I - LE DROIT APPLICABLE

 


L'article 5 de la loi du 1er septembre 1948 a subi plusieurs modifications législatives. S'agissant des descendants majeurs, ceux-ci ne peuvent plus, depuis la loi du 23 décembre 1986, revendiquer le droit au maintien dans les lieux en cas de décès de leur auteur avec lequel ils vivaient, que ce dernier ait été ou non, personnellement, titulaire du bail.


LA DISTINCTION ESSENTIELLE SUR LE TERRAIN DE LA LOI DE 1948 ENTRE LA NOTION D'OCCUPANT ET DE LOCATAIRE

Il convient, à titre préalable, de préciser la distinction qu'il convient d'opérer, sous l'empire de la loi du 1er septembre 1948, entre la notion d'occupant et celle de locataire.

Le locataire est celui, qui dispose d'un contrat de location, portant mention de son nom et de sa signature. S'agissant de l'occupant, il occupe le logement sans être titulaire d'un bail en cours ou établi à son nom. Il peut s'agir d'une personne, qui continue de demeurer dans les lieux après la résiliation de son bail encourue par la délivrance d'un congé.

Il sera examiné l'incidence de cette distinction au paragraphe C.


SUR LA NON RETROACTIVITE DES LOIS AYANT MODIFIE LA VERSION INITIALE DE L'ARTICLE 5 DE LA LOI DU 1ER SEPTEMBRE 1948

L'article 2 du Code Civil dispose que "la loi ne dispose que pour l’avenir ; elle n’a point d’effet rétroactif“.

Il ressort de ce texte qu'une loi n'a vocation à s'appliquer qu'aux situations juridiques nées postérieurement à son entrée en vigueur. Il n'en va autrement que si la loi nouvelle mentionne expressément sa rétroactivité, ce qui n'est pas le cas pour l'article 5 de la loi de 1948.

S'agissant de l'article 5 ayant donné lieu à plusieurs modifications législatives, ces modifications ne sont applicables qu'aux situations juridiques nées postérieurement à leur entrée en vigueur, lesquelles situations sont déterminées par la date de survenance du décès de l'occupant ou du locataire en titre.
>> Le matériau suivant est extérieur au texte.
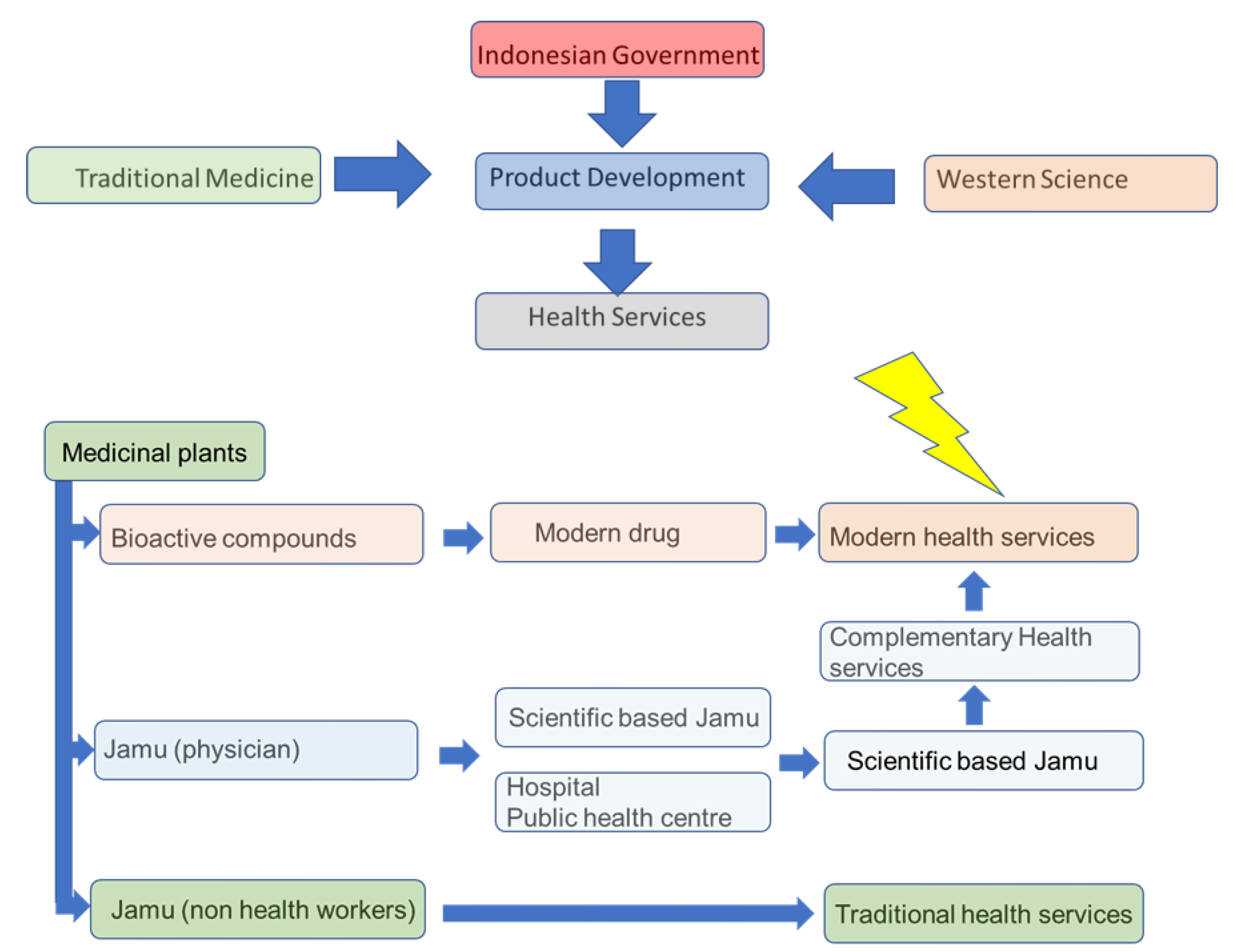 Ddc 02 00002 g001 Ddc 02 00002 g001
LES DIFFERENTES VERSIONS DE L'ARTICLE 5 ET LES CONSEQUENCES QUI EN DECOULENT POUR LES DESCENDANTS


1) LA VERSION INITIALE visant le bénéfice du maintien dans les lieux aux descendants majeurs

 

Droit au maintien dans les lieux

Dans sa version initiale, l'article 5 de la loi de 1948 prévoyait que le bénéfice au maintien dans les lieux appartenait, en cas d'abandon de domicile ou de décès de l'occupant de bonne foi, à son conjoint, ses ascendants, descendants, et à toutes personnes à charge qui vivaient effectivement avec lui depuis plus d'un an. Ce texte prévoyait :

 

"I. - Le bénéfice du maintien dans les lieux, pour les locaux visés à l'article 1er, appartient, en cas d'abandon de domicile ou de décès de l'occupant au conjoint, ascendants, descendants, ou personnes à charge qui vivaient effectivement avec lui depuis plus d'un an.
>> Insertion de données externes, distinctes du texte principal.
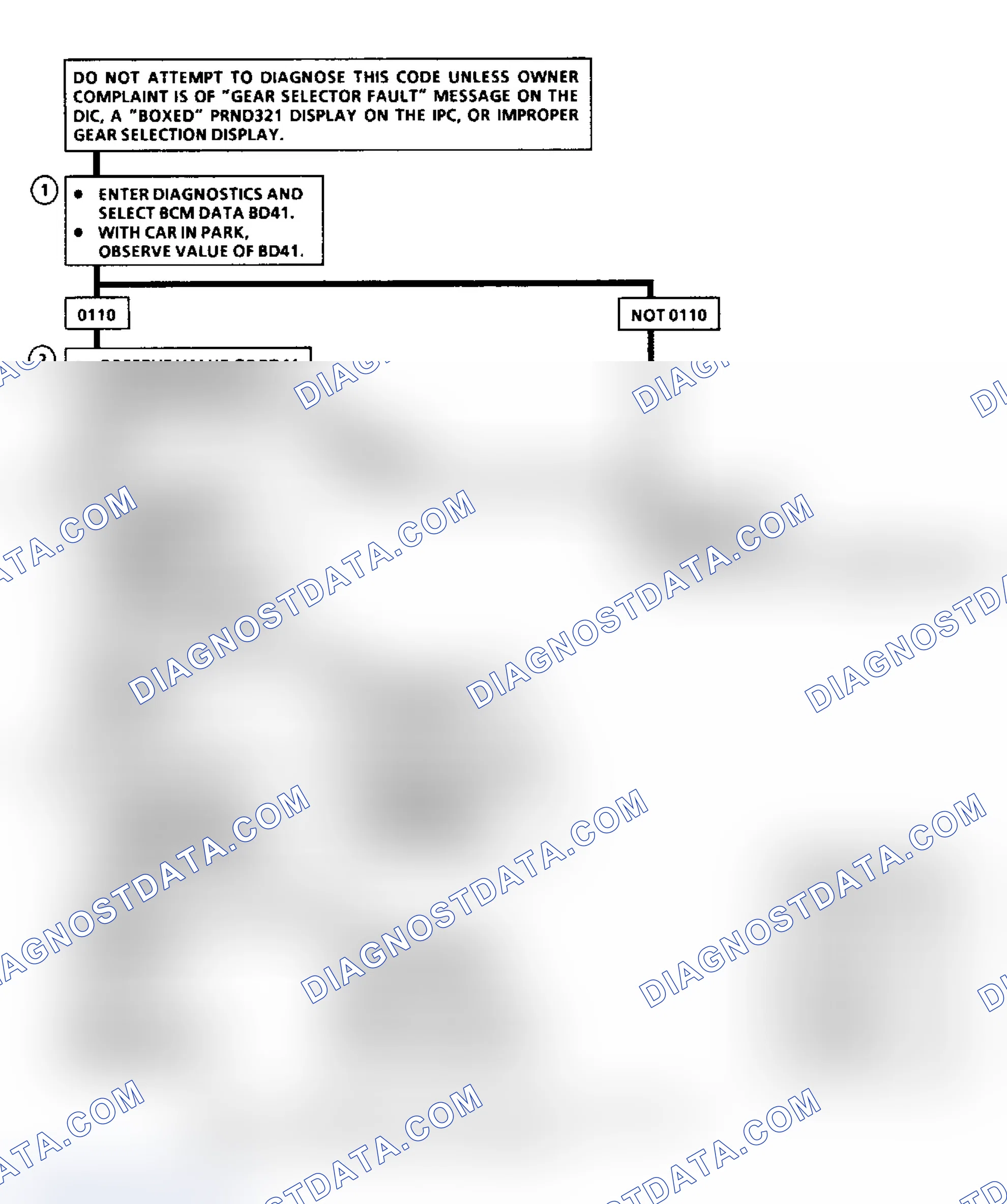 Scheme 63: Code B127 Flow Chart, PRND321 Sensor (1 Of 2)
 II. - Nonobstant les dispositions du I ci-dessus, le maintien dans les lieux reste acquis aux personnes qui en bénéficient antérieurement à la publication de la présente loi."

 Ainsi, sous l'empire de ce texte, il était possible pour les descendants majeurs de l'occupant du logement de revendiquer le bénéfice au maintien dans les lieux, après le décès de ce dernier.

 

Transmission du bail

Il était également possible pour des descendants, sous l'empire de cette première version de l'article 5, d'évoquer la transmission du bail à leur profit lorsque leur auteur, décédé, disposait d'un contrat de bail en cours au jour de son décès.
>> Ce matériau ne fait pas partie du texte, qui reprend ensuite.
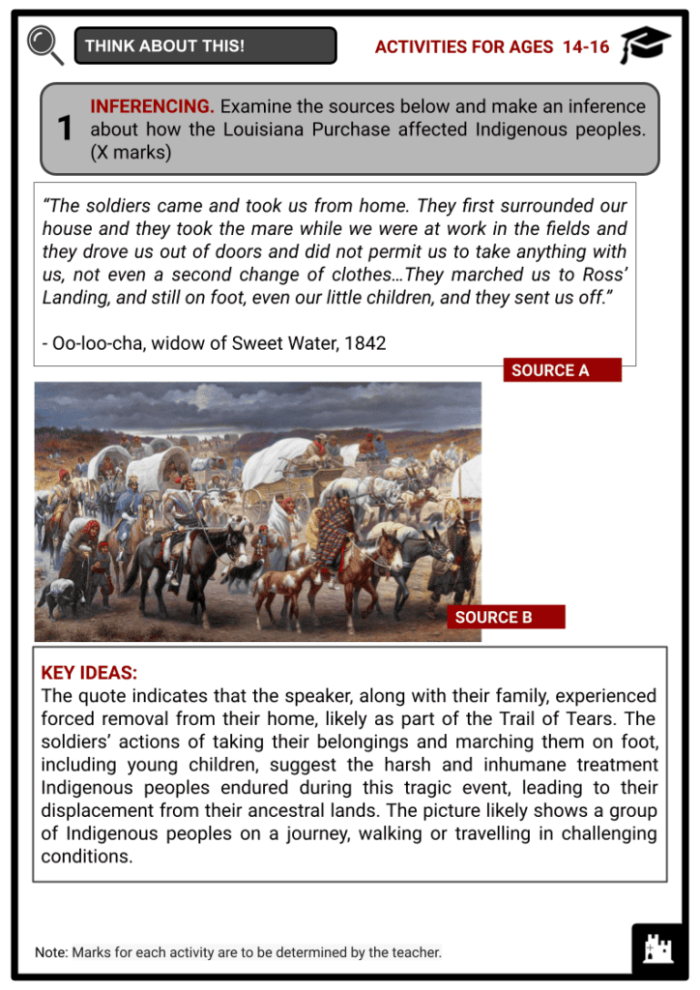 Fourth grade Louisiana Purchase worksheet featuring a historical map activity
L'article 1742 du Code Civil prévoit ainsi que le contrat de louage n'est point résolu par la mort du bailleur, ni par celle du preneur. En application de ce texte, la jurisprudence précisait, sur le terrain de la loi de 1948, qu'en cas de décès du preneur, le contrat de bail continuait de produire ses effets auprès de ses héritiers. (Cassation civile troisième chambre 26 juin 1996 : Bull Civ III n° 155.)

 

 

2) LA VERSION RESULTANT DE L'ARTICLE 27 DE LA LOI 86-1290 DU 23 DECEMBRE 1986 AU 16 JUILLET 2006

 

Suppression du droit au maintien dans les lieux

L'article 27 de la loi du 23 décembre 1986 a supprimé de la liste des bénéficiaires au droit au maintien dans les lieux les descendants majeurs. Cet article portant modification de l'article 5 prévoit ainsi :

 

"I. - Le bénéfice du maintien dans les lieux pour les locaux visés à l'article premier appartient, en cas d'abandon de domicile ou de décès du locataire ou de l'occupant de bonne foi, au conjoint, et lorsqu'ils vivaient effectivement avec lui depuis plus d'un an, aux ascendants, aux personnes handicapées visées au 2° de l'article 27 ainsi que, jusqu'à leur majorité, aux enfants mineurs.

II. - Nonobstant les dispositions du I ci-dessus, le maintien dans les lieux reste acquis aux personnes qui en bénéficiaient antérieurement à la publication de la présente loi."

Les descendants ne peuvent donc plus se prévaloir du droit au maintien dans les lieux si le décès de leur auteur est survenu après l'entrée en vigueur de la loi, à savoir postérieurement au 23 décembre 1986.

 

Absence de rétroactivité de l'article 27

Toutefois, au regard de la non rétroactivité de la loi de 1986, l'article 27, et donc la version de l'article 5 de la loi de 1948 résultant de ce texte, n'est pas applicable aux situations juridiques nées avant son entrée en vigueur, soit aux situations résultant du décès de l'occupant ou du locataire survenu avant le 23 décembre 1986.

 

Transmission du bail

Par ailleurs, l'article 27 de la loi de 1986 n'exclut pas l'application de l'article 1742 du Code Civil. Il en résulte la possibilité pour les descendants, lorsque leur auteur était titulaire d'un titre (bail en cours), au jour de son décès, d'évoquer la transmission de ce bail à leur profit dans le cadre de la dévolution successorale.

 

Cour de Cassation - 3ème chambre civile - 23 juin 1998, pourvoi n° 96-21872

Dans cet arrêt, les faits étaient les suivants : un bail, loi de 1948, avait été souscrit au nom d'un couple marié. Le mari était décédé en 1969, son épouse en 1993. Tous deux avaient vécu avec leur fils. Les propriétaires du logement avait assigné ce dernier en expulsion.La Cour d'Appel saisie de ce litige a fait droit aux demandes du bailleur. Le défendeur s'est alors pourvu en cassation.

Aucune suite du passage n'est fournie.